What this task involves:
After locating the line that contains "Girls Sandals High" in the material below, copy that line and each one following it, exactly, up to the last line. Pictures stay out.

Data block:
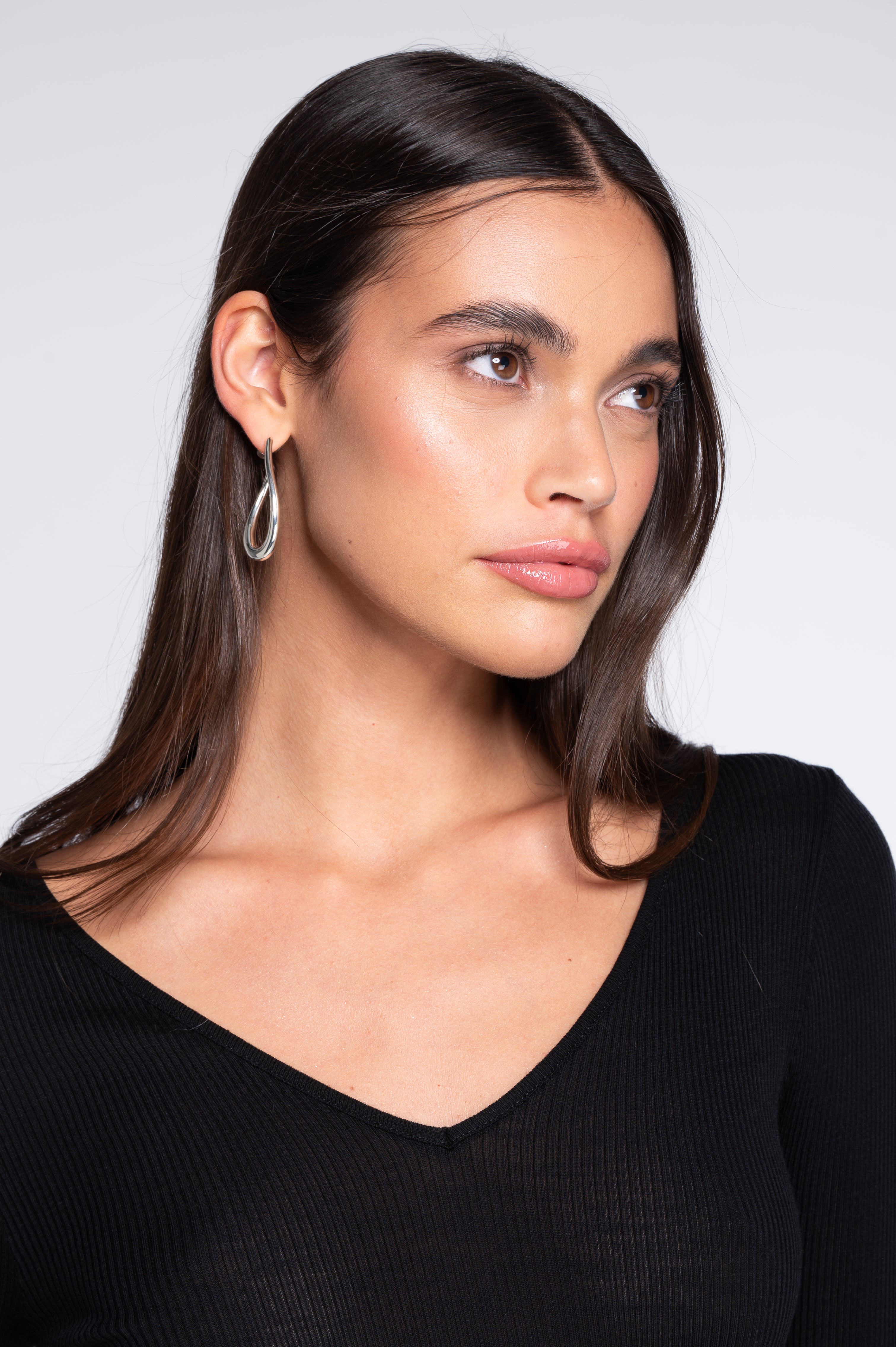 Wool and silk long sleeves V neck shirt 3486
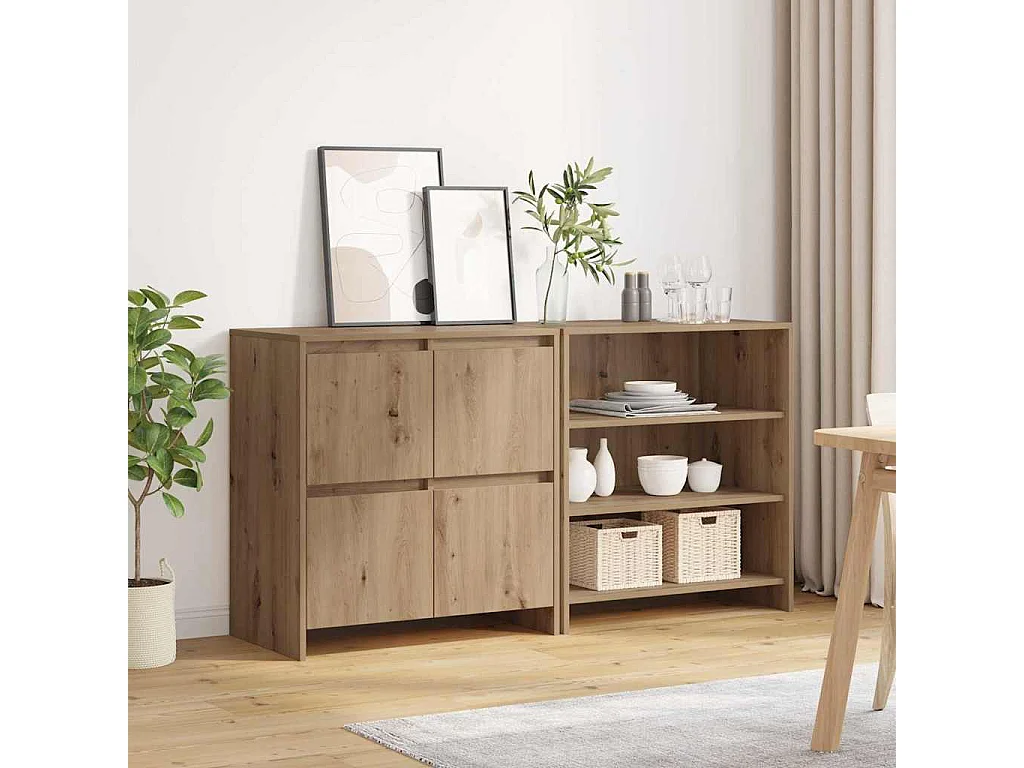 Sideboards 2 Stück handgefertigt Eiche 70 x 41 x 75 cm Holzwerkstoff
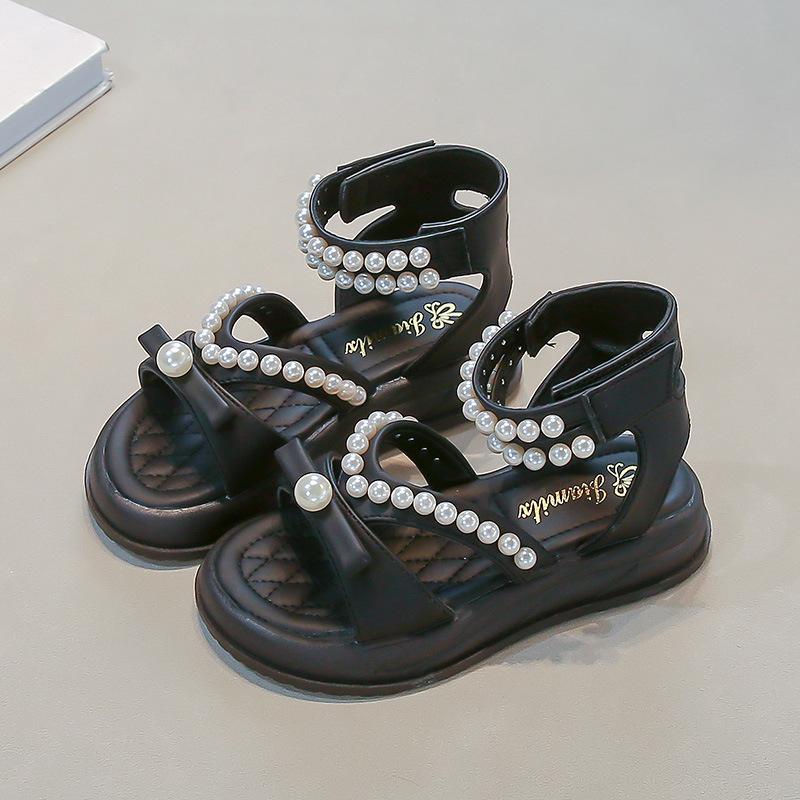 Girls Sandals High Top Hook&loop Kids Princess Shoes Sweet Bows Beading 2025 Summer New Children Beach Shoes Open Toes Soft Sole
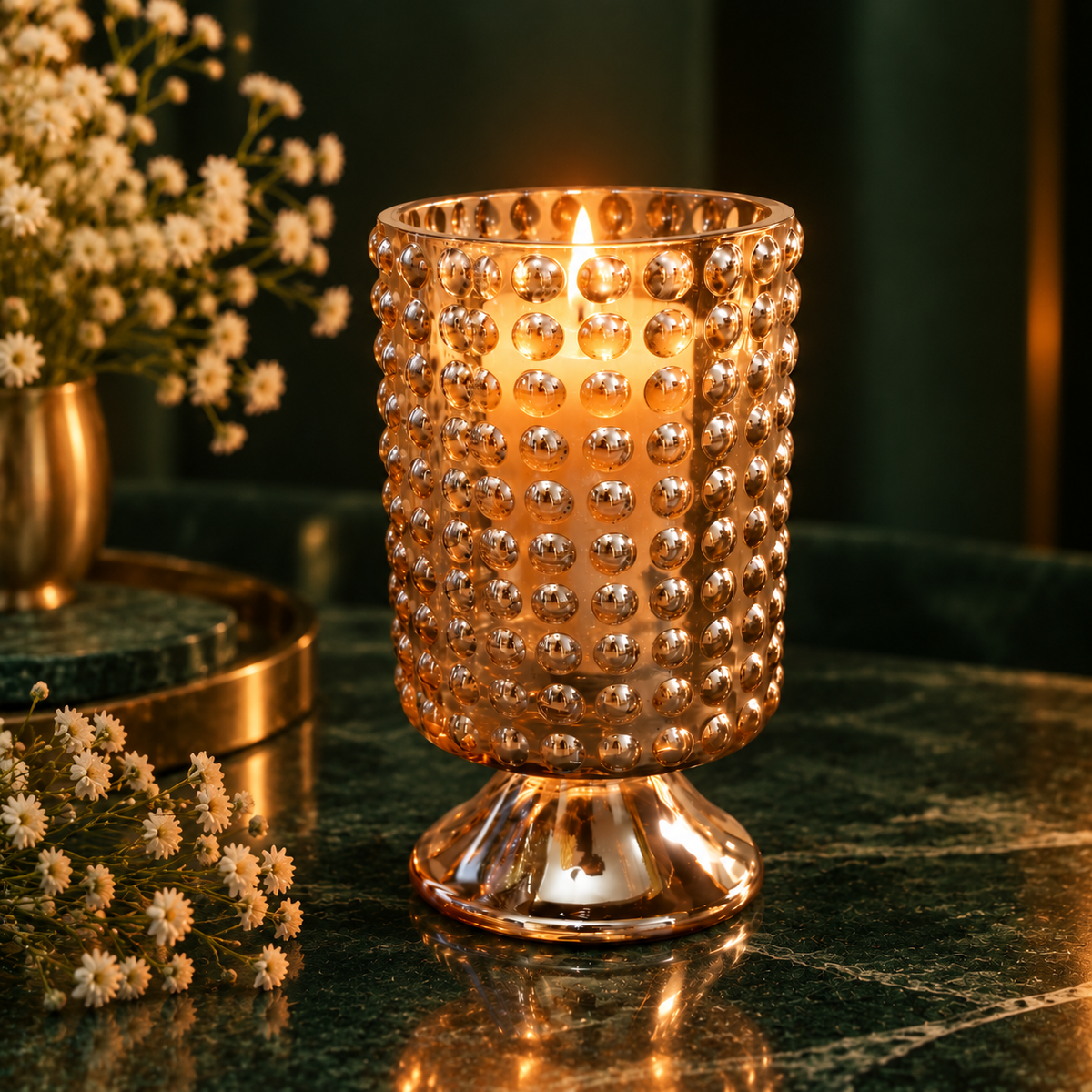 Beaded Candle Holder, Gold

Answer area:
 Girls Sandals High Top Hook&loop Kids Princess Shoes Sweet Bows Beading 2025 Summer New Children Beach Shoes Open Toes Soft Sole
 Beaded Candle Holder, Gold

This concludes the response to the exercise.